SUPPLIED DATA:
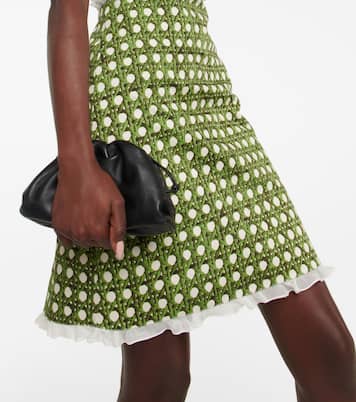 Miniabito in gabardine con cut-out | Giambattista Valli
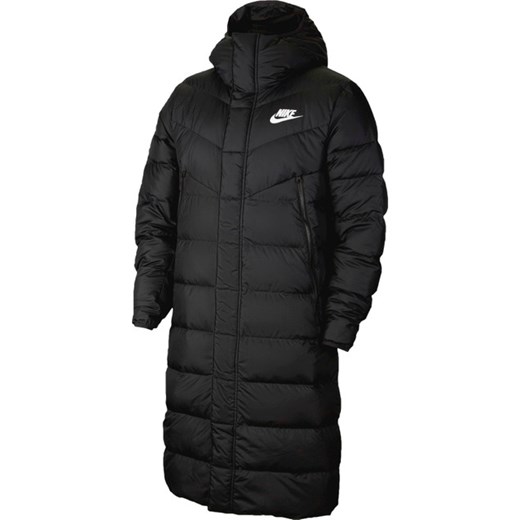Puchowa kurtka męska zimowa Nike Storm-FIT CU0280-010 Czarny L Nike XL an-sport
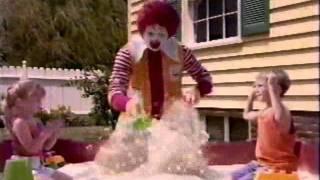 1994 McDonald's Commercial #1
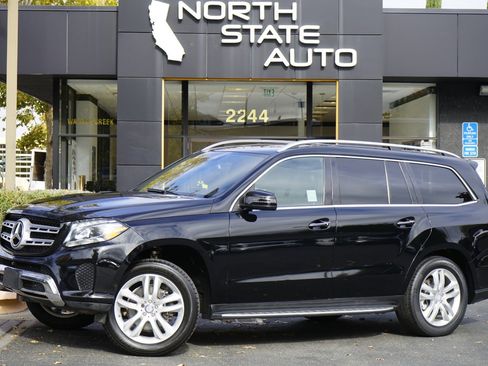 Used 2017 Mercedes-Benz GLS 450 4MATIC w/ Premium Package image 1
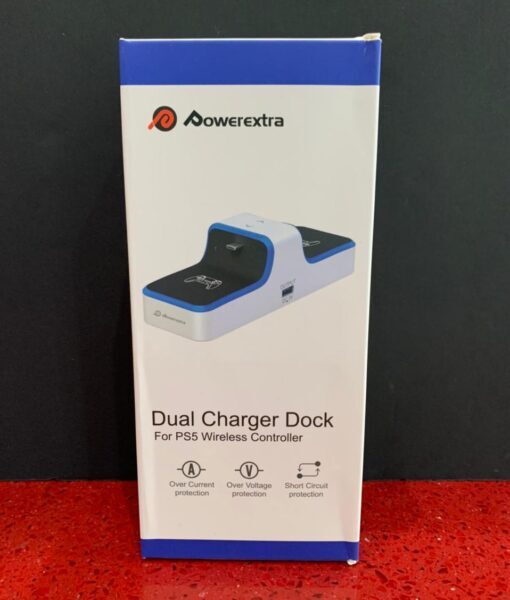 PS5 item Cargador Dual Charger Dock PowerExtra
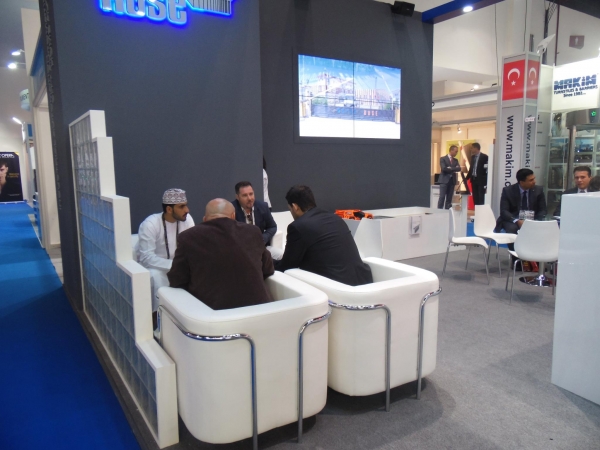 White Rose was in Dubai Intersec 2016 Fair!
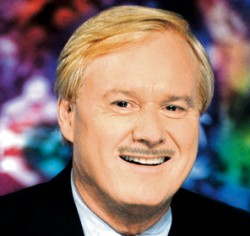 Chris Matthews with mustache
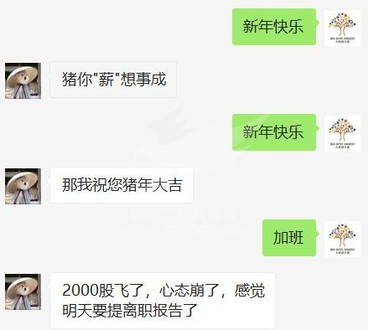 经典新年贺词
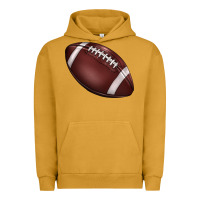 Pigment Peanut Butter football Urban Hoodie - BarkalooDesign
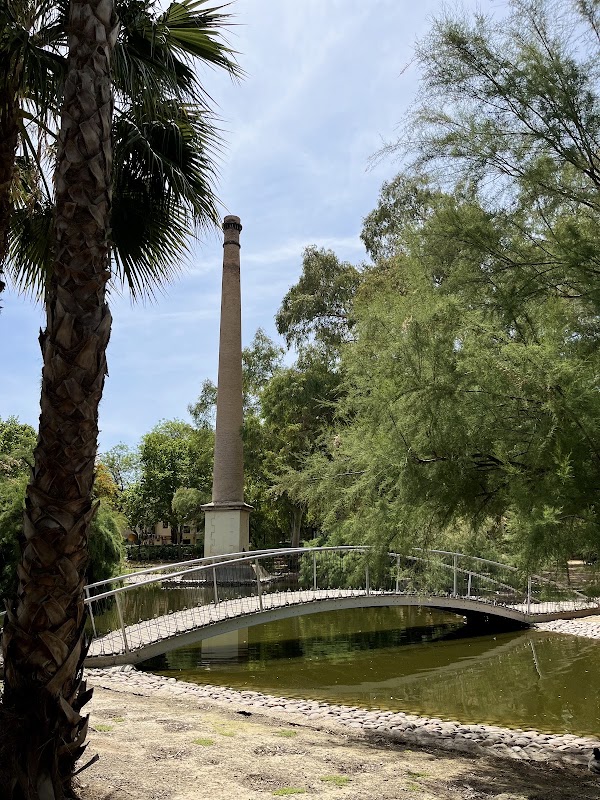 Jardín de la Seda en Murcia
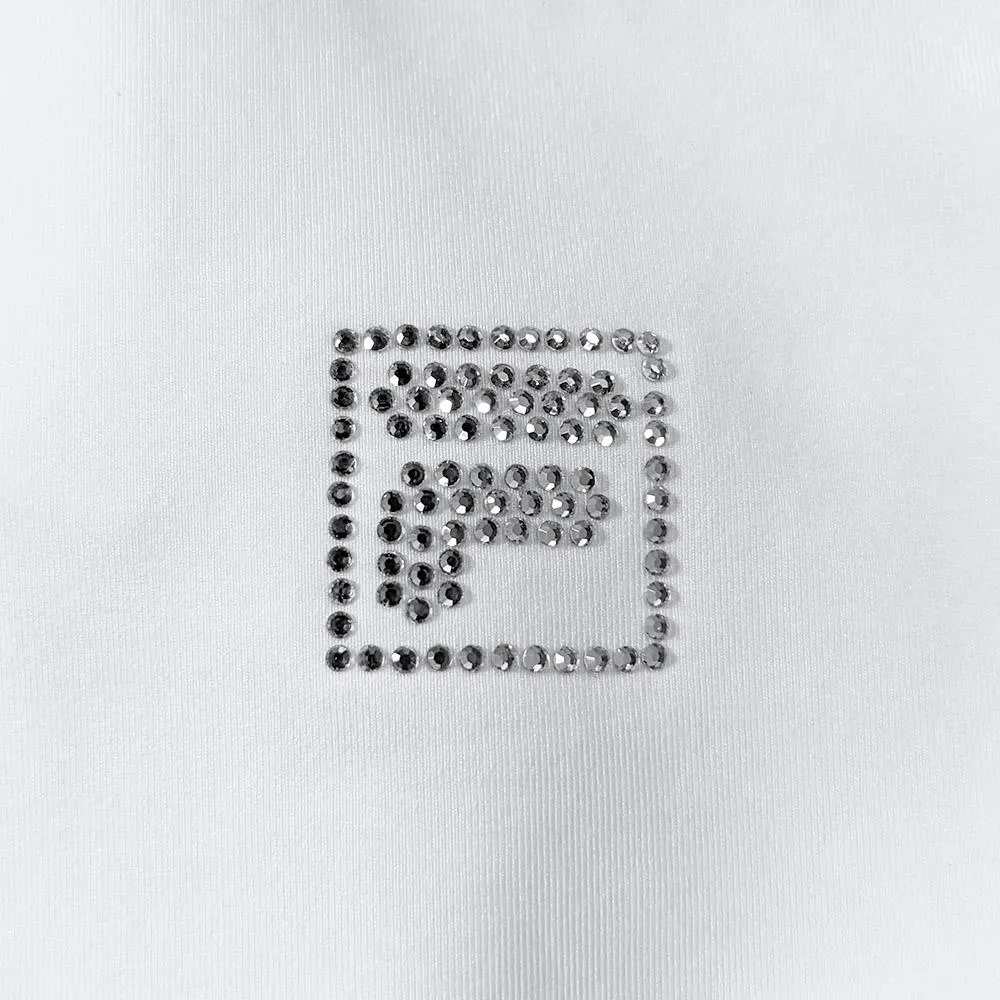 Fila Girls Core Long Sleeve - White Static-Free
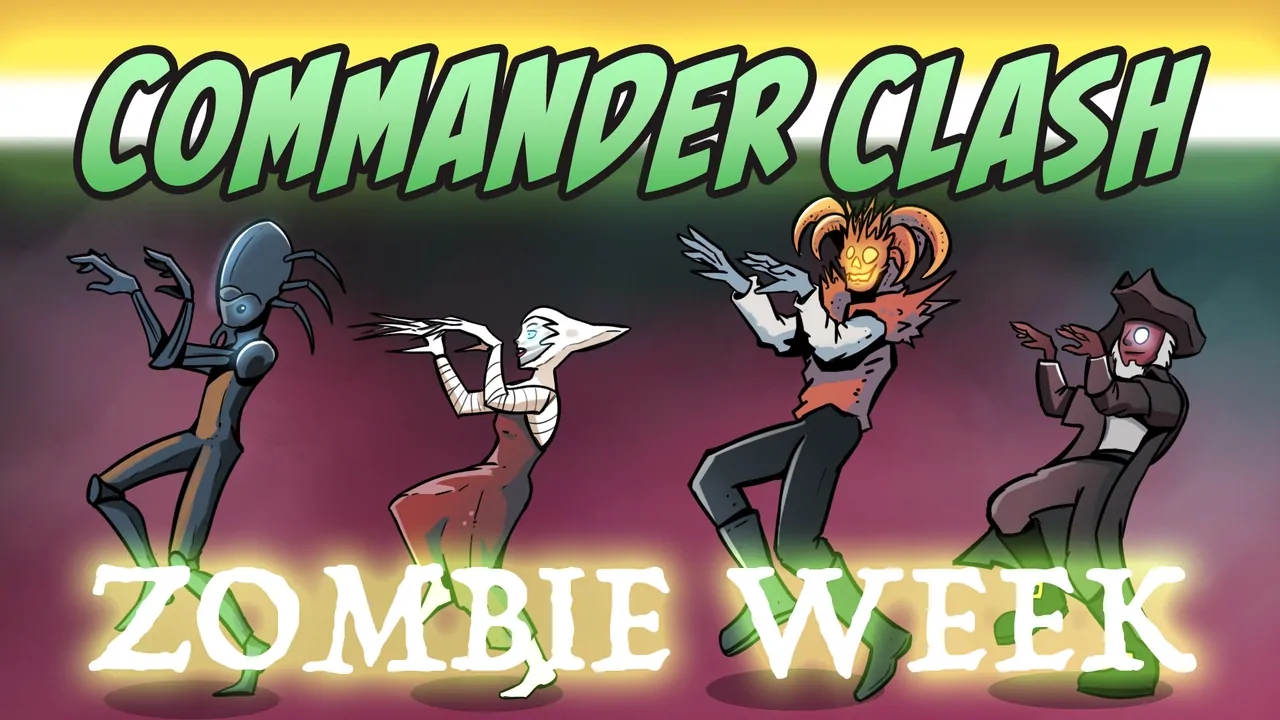 We All Play Zombie Decks Commander Clash S14 E8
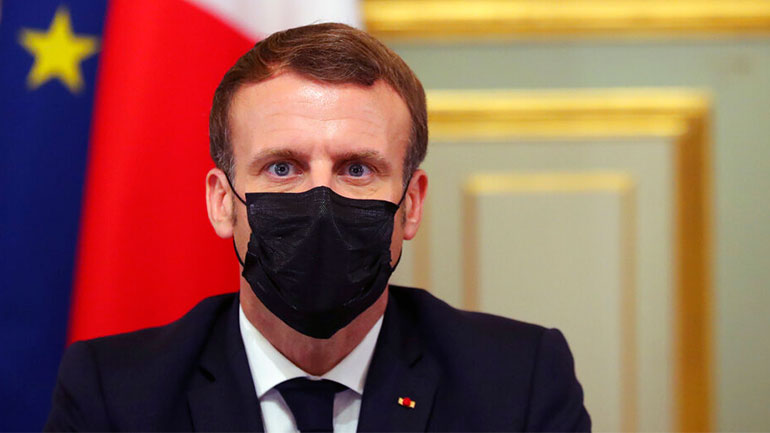 Μακρόν: Θα κάνουμε τα πάντα, ως Ευρωπαίοι, για να πολεμήσουμε τη μάστιγα της τρομοκρατίας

TASK DETAILS: The records above should be retyped in full and exactly; omit the pictures.

PROBLEM SOLUTION:
 Miniabito in gabardine con cut-out | Giambattista Valli
Puchowa kurtka męska zimowa Nike Storm-FIT CU0280-010 Czarny L Nike XL an-sport
 1994 McDonald's Commercial #1
 Used 2017 Mercedes-Benz GLS 450 4MATIC w/ Premium Package image 1
 PS5 item Cargador Dual Charger Dock PowerExtra
 White Rose was in Dubai Intersec 2016 Fair!
 Chris Matthews with mustache
 经典新年贺词
 Pigment Peanut Butter football Urban Hoodie - BarkalooDesign
 Jardín de la Seda en Murcia
 Fila Girls Core Long Sleeve - White Static-Free
 We All Play Zombie Decks Commander Clash S14 E8
 Μακρόν: Θα κάνουμε τα πάντα, ως Ευρωπαίοι, για να πολεμήσουμε τη μάστιγα της τρομοκρατίας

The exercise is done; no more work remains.